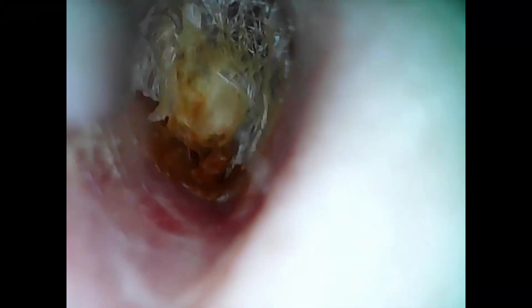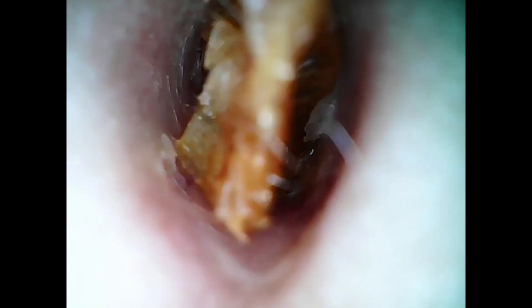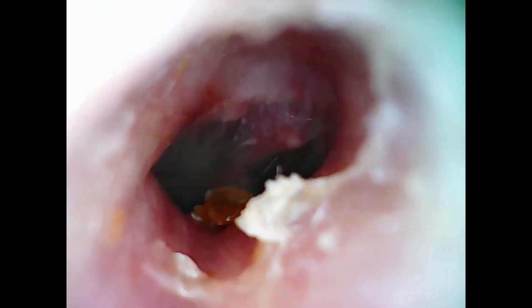Another way that skin and earwax can make their way out of the canal is through centrifugal motion — so chewing, smiling, and talking. That motion helps bring the skin and earwax out of the ear. But again, like we've seen here, you can get some buildup that needs manual removal. Just clearing up the end, we got a nice clear eardrum, and this client had four centimeters of dead skin.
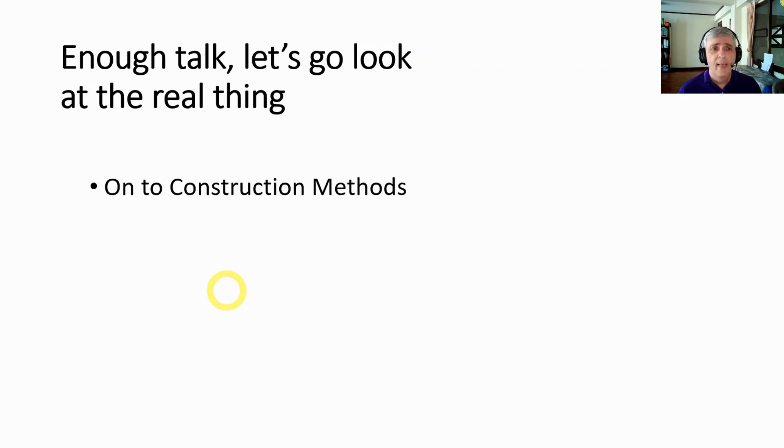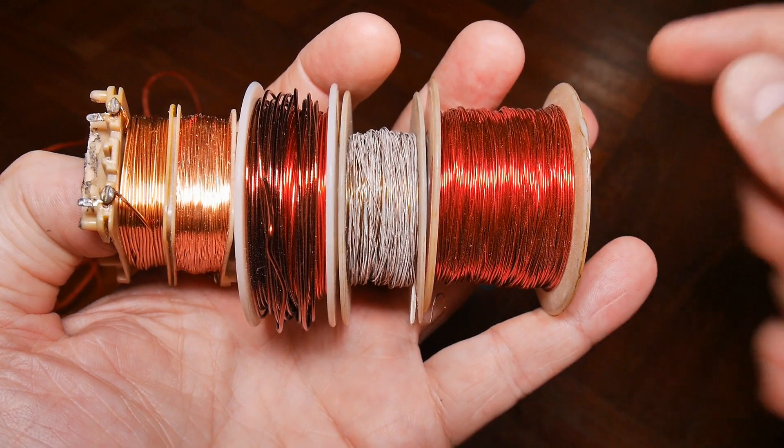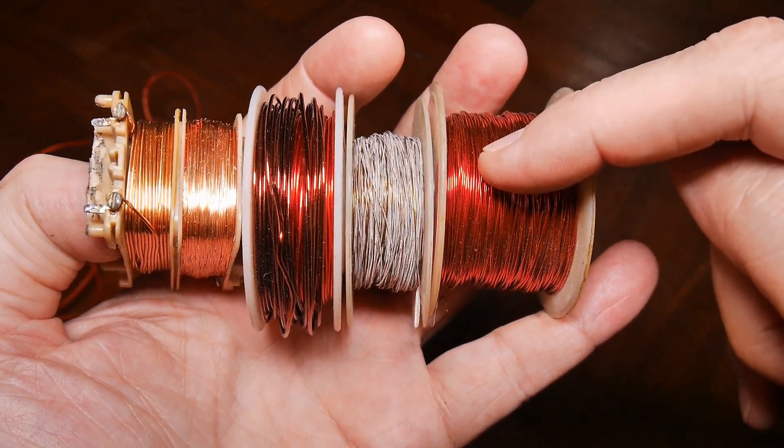Enough talking — let's go on and look at the real things. We'll start out with construction methods. What about the type of wire you're going to use on your crystal radio antenna?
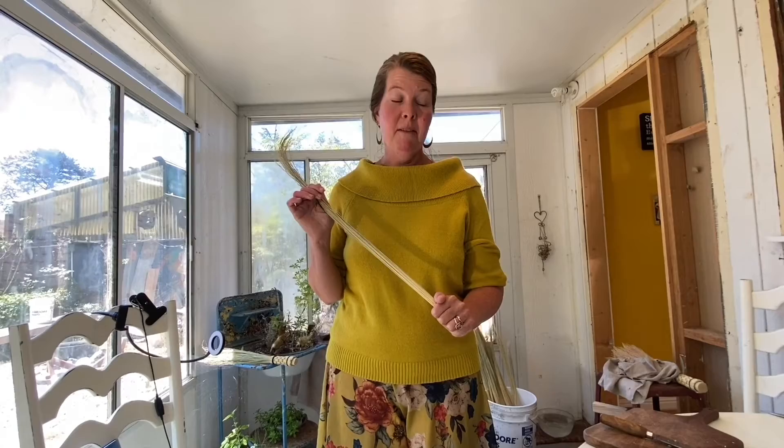Welcome to the wonderful world of broom making. I hope that you love it and become addicted as I have. I have made so many brooms and I love to have extra on hand because they make great gifts, and it's nice to have them around.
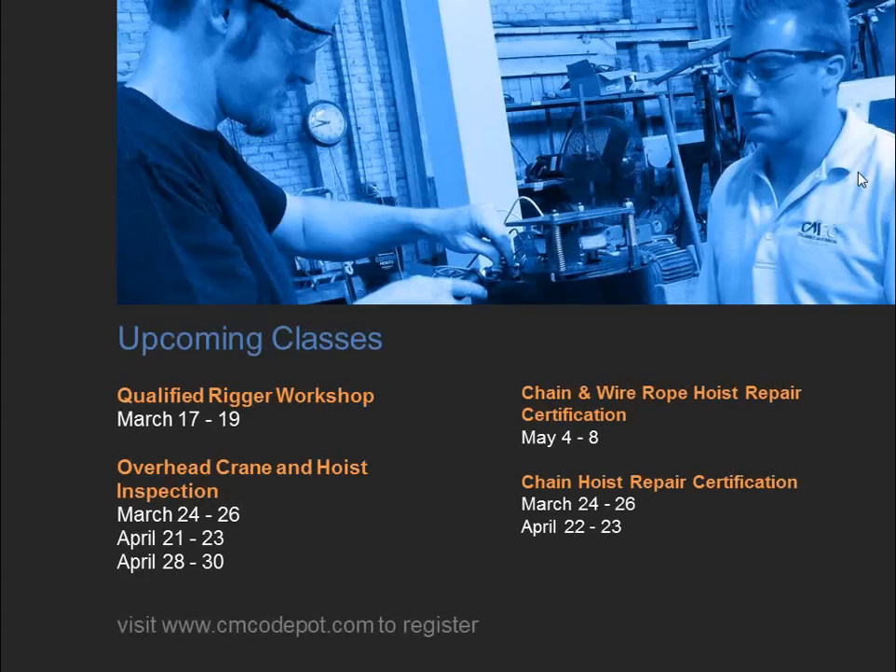Two different types of schools are offered: the overhead crane hoist inspection course covers external inspection of entire crane and hoist systems; the chain hoist or wire rope hoist repair school breaks down every hoist component — disassembly to bolt, nut, and washer, full reassembly, inspection criteria, repair procedures, and electrical troubleshooting. These are two totally separate courses since not everyone needs repair training — some companies focus purely on inspection, others on both.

* Requirement:
Every line of the listing above is to be repeated exactly, with its pictures left out.

* Task output:
Another way that skin and earwax can make their way out of the canal is through centrifugal motion — so chewing, smiling, and talking. That motion helps bring the skin and earwax out of the ear. But again, like we've seen here, you can get some buildup that needs manual removal. Just clearing up the end, we got a nice clear eardrum, and this client had four centimeters of dead skin.
Enough talking — let's go on and look at the real things. We'll start out with construction methods. What about the type of wire you're going to use on your crystal radio antenna?
Welcome to the wonderful world of broom making. I hope that you love it and become addicted as I have. I have made so many brooms and I love to have extra on hand because they make great gifts, and it's nice to have them around.
Two different types of schools are offered: the overhead crane hoist inspection course covers external inspection of entire crane and hoist systems; the chain hoist or wire rope hoist repair school breaks down every hoist component — disassembly to bolt, nut, and washer, full reassembly, inspection criteria, repair procedures, and electrical troubleshooting. These are two totally separate courses since not everyone needs repair training — some companies focus purely on inspection, others on both.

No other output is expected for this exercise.